I had heard about how special Point Addis was from a friend who lived in Geelong, she visited it often for a recharge. The ‘specialness’ she spoke of was not only for its obvious rugged beauty but also for its feeling of remoteness. For a place not far from the hustle and bustle of busy Torquay it’s feeling of remoteness is much appreciated.
It was a place described to me as one where bush meets the ocean, where you unwind and relax, and if it took your fancy, splash in the calm waters behind the break.
Most importantly for her, it was a place of solitude and reflection. For some reason it was a hidden gem, I’d not heard about it prior to this, it seems only known to locals, or those that heard from word of mouth. That’s where I came in.
For years I had it on my list of ‘I must visit one day’ but for one reason or another it evaded me: until recently. On a hot summer day our paths finally crossed, and suffice to say, I wasn’t disappointed.
This is a very special place on Wadawurrung country, and like all places in nature I visit on country, I can’t help but think about the many thousands of years First Nations have lived respectfully and sustainably here with nature. Where I step, First Nations have also stepped. Ideally, it’s something all of us should consider when we’re in nature.
So, what makes this place special?

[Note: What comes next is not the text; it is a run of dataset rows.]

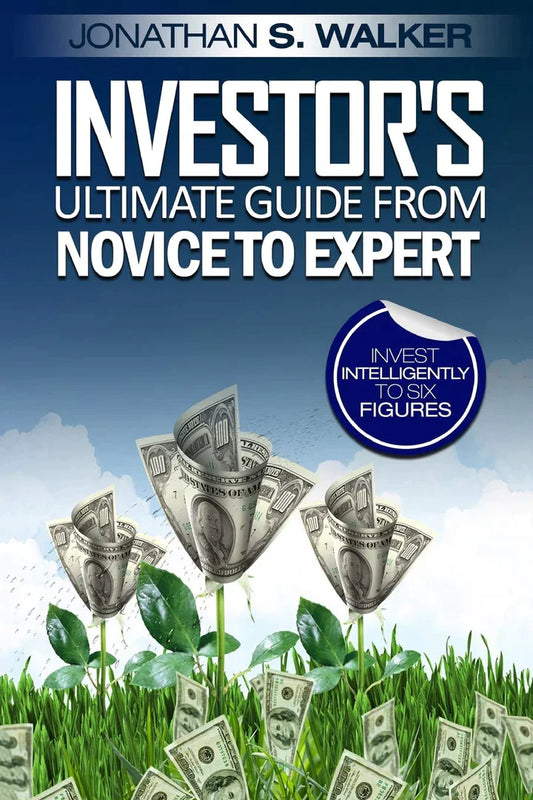 Stock Market Investing For Beginners - Investor's Ultimate Guide From Novice to Expert - - MO Corrections Bookstore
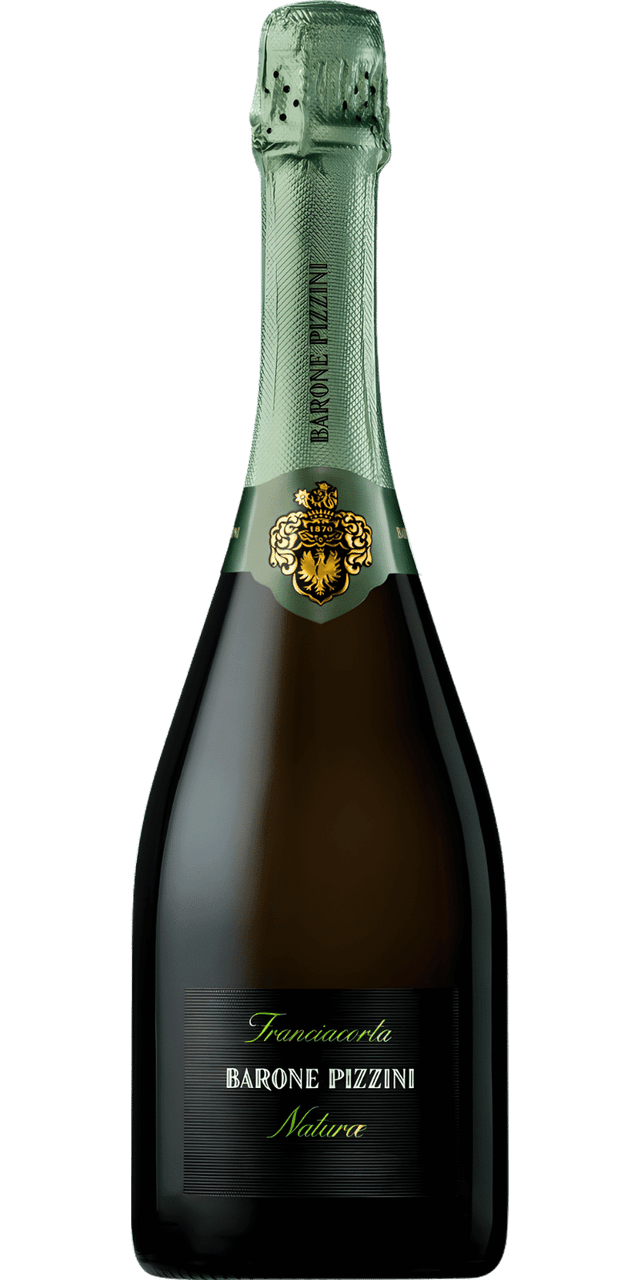Naturae Franciacorta DOCG Extra Brut - Barone Pizzini - 0,75 L / 2021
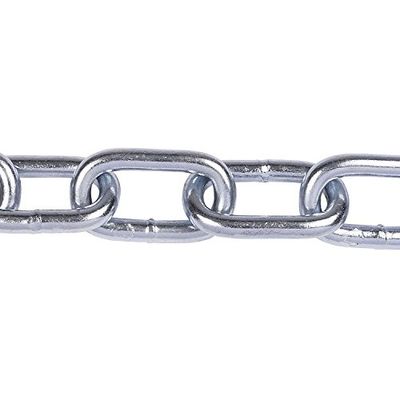 Sterling WZ2514 Catena, Grigio, Link size 14x5mm, Overall Length 30m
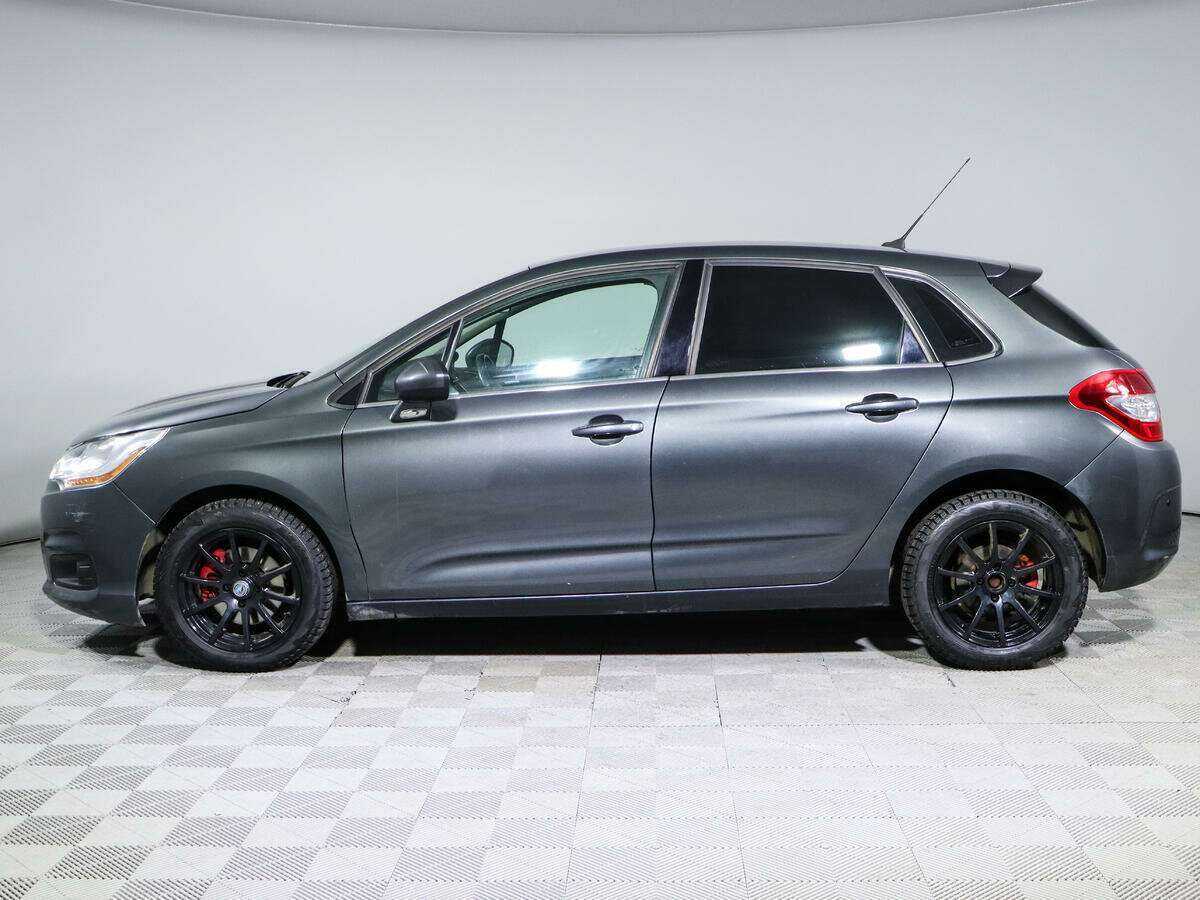 Купить Citroen C4, 2013, 117 570 км, фото №8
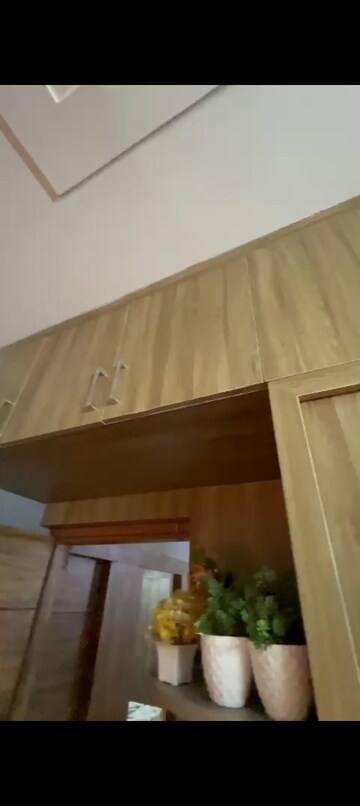 Kitchen in 3 BHK Apartment at Proview Officer City, Raj Nagar Extension – for Sale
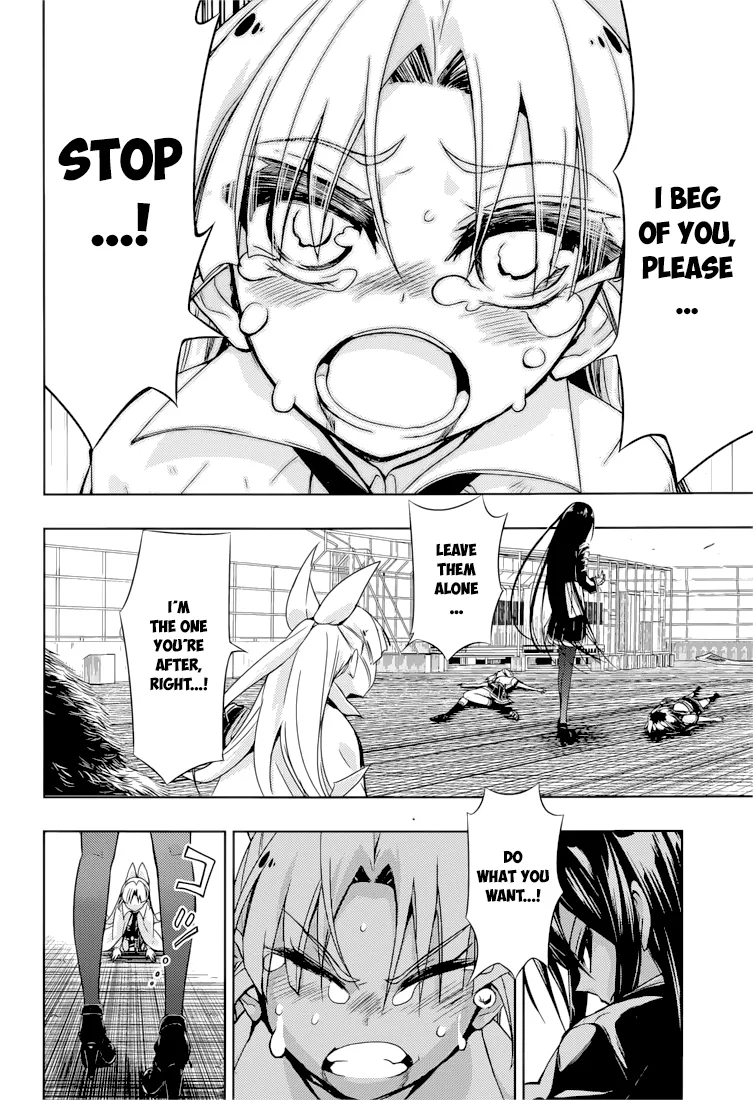 Busou Shoujo Machiavellianism - Page 26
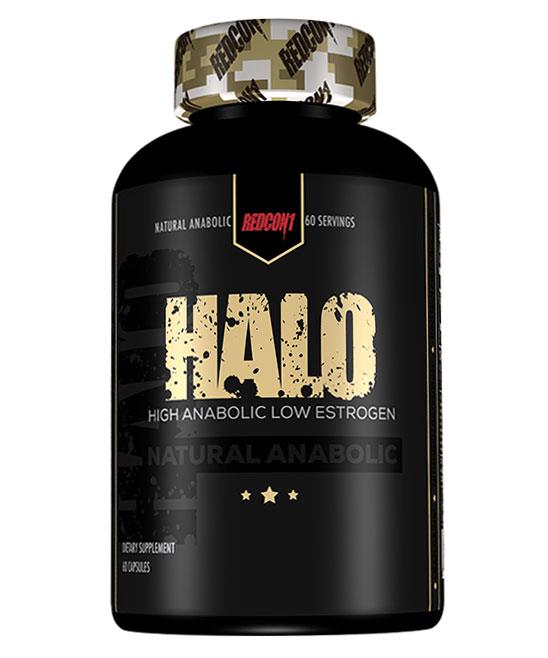 Redcon 1 - Halo Natural Anabolic 60C     TEMPORARILY UNAVAILABLE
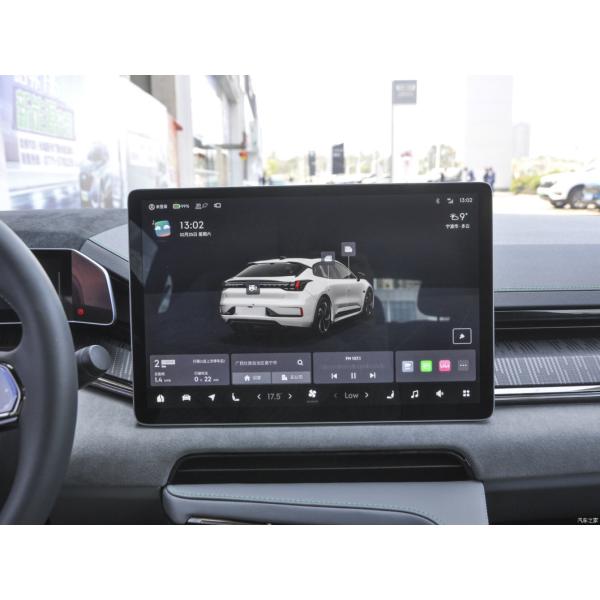 Chinese Zeekr 001 2023 We 100kwh EV Electric Car Body Style Hachback Left Steering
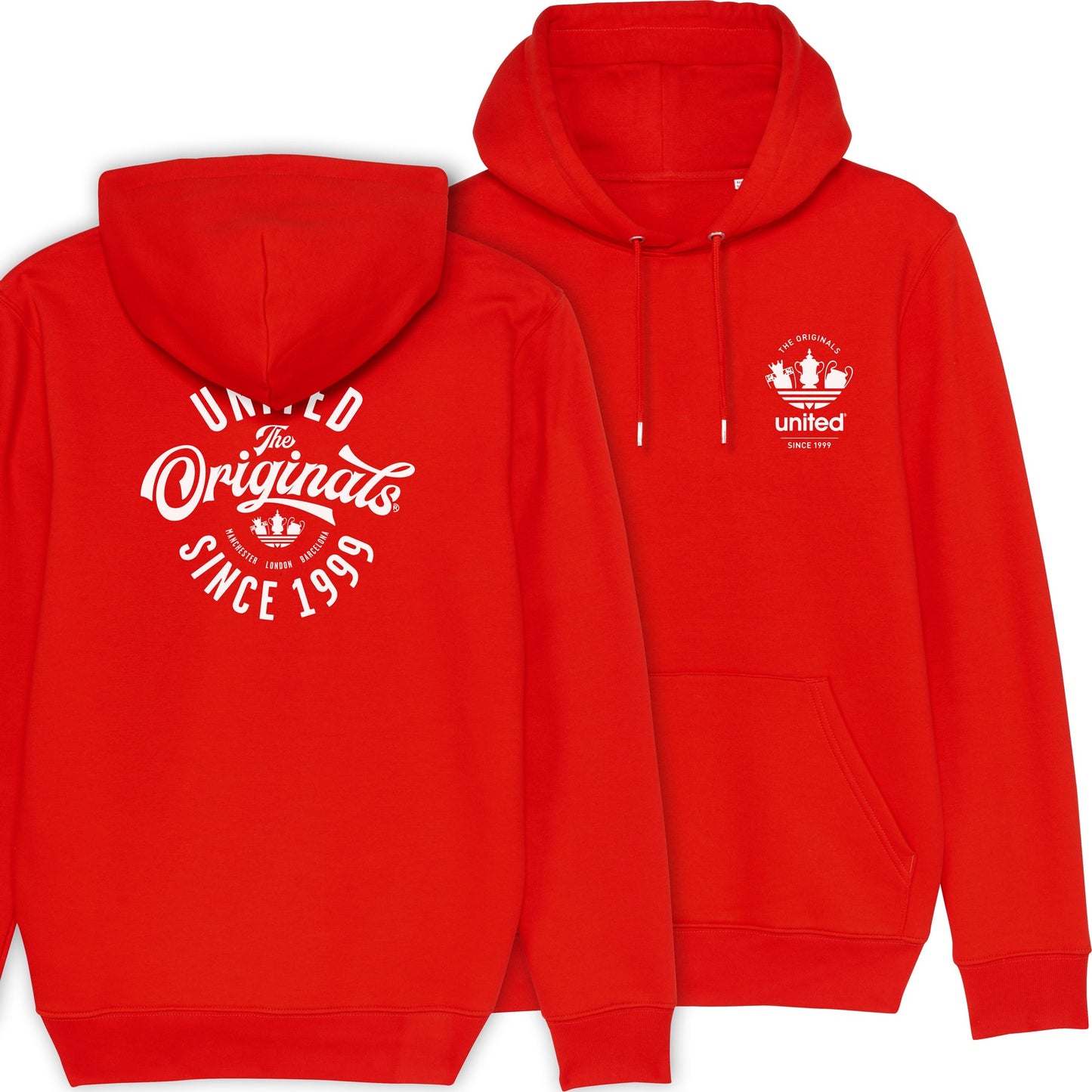 Treble Originals 360 Hoodie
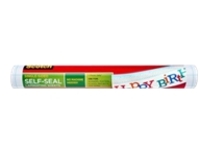 Scotch - Clear - Roll (40.6 cm x 3.05 m) single-sided lamination film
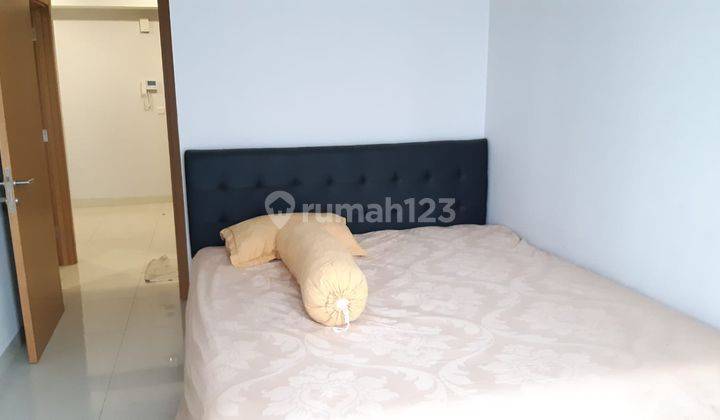 DiSewakan Apartemen Apartemen The Mansion Dukuh Golf Kemayoran 2 Kamar Tidur Bagus Furnished 2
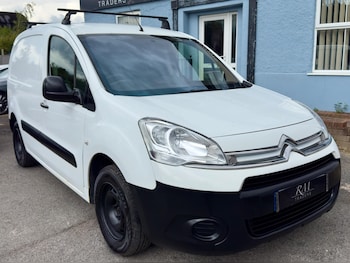 Used Citroen Berlingo 2014 for sale - 75327141: Photo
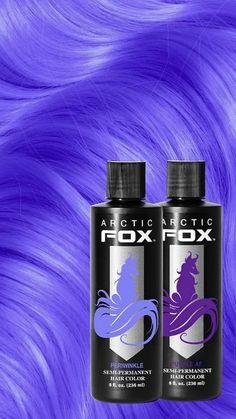 Arctic Fox Hair Dye Lavender, Periwinkle Arctic Fox Hair, Arctic Fox Hair Color Mixes, Purple Af Arctic Fox Hair, Arctic Fox Mixes, Arctic Fox Hair Dye Combinations Purple, Arctic Fox Hair Dye Combinations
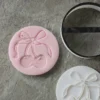 Cherry Cookie Stamp,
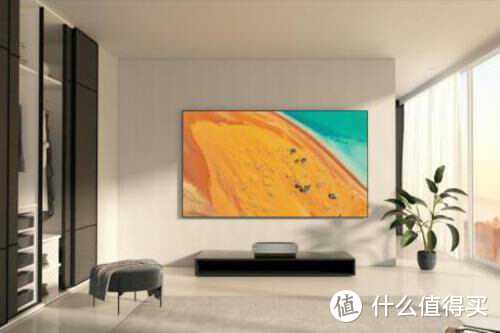 海信激光电视1005LG: 超大屏幕、高清晰度，让你享受视觉盛宴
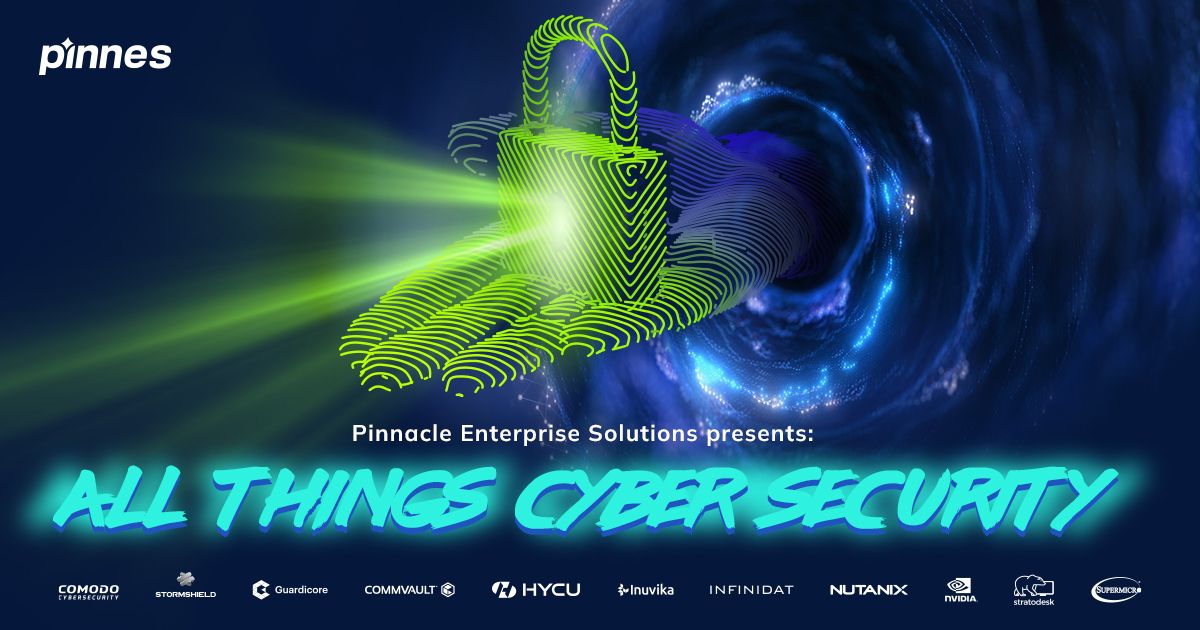 All Things Cyber Security Event Image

Well, there’s the obvious captivating waves that roll in from the south, consistent and powerful, their energy smashing over fallen cliff rocks below towering cliffs carved from thousands of years of relentless waves. That was my initial experience of the place, perched upon the convenient bird’s eye view from the lookout. The combination of dramatic cliff face and rolling waves was mesmerizing, captivating me with their hypnotic allure. I succumbed willingly. It just felt nice to pause, to get lost in the beauty of it all as a warm summer gust tried its best to push my body around, just another reminder of the power of nature that’s often forgotten.
I wanted more than just a look out experience, so I walked down the track to the long sandy beach to explore. Here you see ocean creatures going about their business, mussels clinging to rocks in the safety of the intertidal zone and marine birds fussing and feeding while the sun is high. There’s a long stretch of uninterrupted sandy beach perfect for a slow meander while the sound of waves crashing reminds you of your place.
I took a moment to pause and sat on a rock, closed my eyes, and listened. It’s something I like to do in nature, to shut off my sight for a few moments and try to separate all the many noises that exist in nature. Here at this special spot, the country has the loudest voice, you can’t hear human presence, just nature.
I thought about the cyclic nature of a beach, how each day starts fresh with the slate cleaned overnight by incoming tide. Where new sand is laid, covering footsteps from the previous day. I couldn’t help but think how it was a perfect metaphor for how we can treat every new day as a fresh start, a chance to improve on the previous day.
Like grains of sand that come and go, my time at this special place had come to an end. I hiked back up the track past magnificent indigenous flora, with butterflies and bees busying themselves over spectacular melaleuca flowers. The place was a hive of natural activity, it felt healthy and vibrant, a stark contrast to some of the city beaches I’d recently visited.
If you get the chance, I recommend a visit to Point Addis. Take in the view from the look out, from there meander down the tracks to the west and then back track east down to the long sandy beach and take a purposefully slow stroll for as long as you can. Explore the Koorie Culture trail where you can view the ocean from the native bush, which is always a special experience. At some point, if you desire, pause, close those eyes for a minute or two. Listen to nature, she does speak, it’s up to us if we’re willing to listen.
I will make Point Addis a place to visit whenever I’m in the area or heading past. Like a lot of places in nature, this is a place to refresh and recharge while admiring the magnificence of nature.